Sexuality is thus conceived of only as a property of the body, a mere biological substratum…
In the current debate, there is a dualistic and reductive vision of the person: the will on one side, and the biological body on the other. Instead, the human person is characterized by a profound unity of the person. For example, I am male, and this dimension bears a richness that I express in many ways. I am a father through the mediation of my woman; this gift of life continues in the education of the child, which in turn is developed drawing upon this dual sexual origin, sign and instrument of the communion of the child’s father and mother. Today we no longer realize what a source of certainty it is for the child to look at his or her parents and know what his or her origin is, where he or she comes from. Living in the continuity of one’s own origin, and verifying that it is perpetuated in the unity of conjugal life of one’s parents, is a priceless resource for a child, above all when he or she experiences a moment of crisis. Here, all the anthropological value of John Paul II is seen, in his call to all people to find again this unity of the gendered person, and through it the unity of the conjugal relationship and of the family.
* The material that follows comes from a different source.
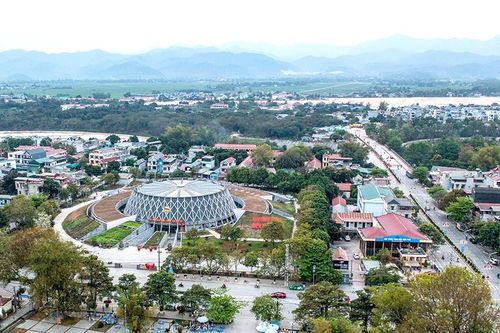 Hướng về Điện Biên Phủ Anh hùng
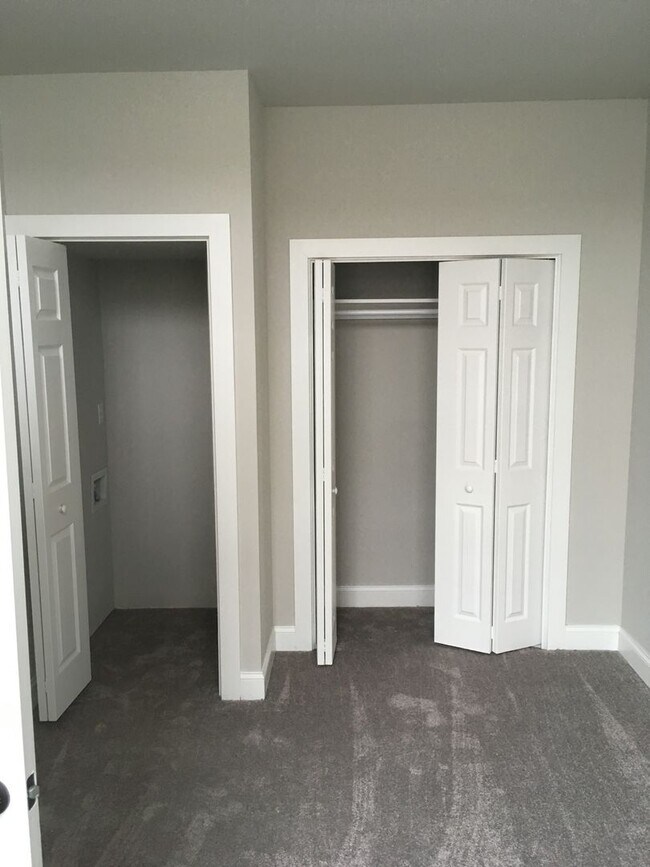 Photo - 238 N George St Unidad 201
What is the road to travel?
We have a lot of work ahead of us. We must contribute to the growth of awareness of the elementary experience of the person. This “making aware,” this pedagogical labor must give people back the instruments and words that enable them to learn about and know themselves. Many of our contemporaries today live totally detached from the fundamental needs of the heart. There are those who perceive them, but lack the words to express them. The task is to help them regain themselves, to find again the road of this unity. We have the responsibility to understand deeply the Church’s position, which has always been prophetic. Look how appropriate John Paul II’s diagnosis was for what is happening today! The Church must be increasingly aware of her words and acts. She will be increasingly subject to social pressure, will be accused of homophobia, will be the object of the opprobrium of all kinds of conformists, and so on. Catholics must therefore prepare to be increasingly aware of their judgment on the human person, and to thus appear as a cause for scandal, a “sign of contradiction” like their Master and Spouse. In this sense, I say to all of you that this bill is a historical opportunity to become aware.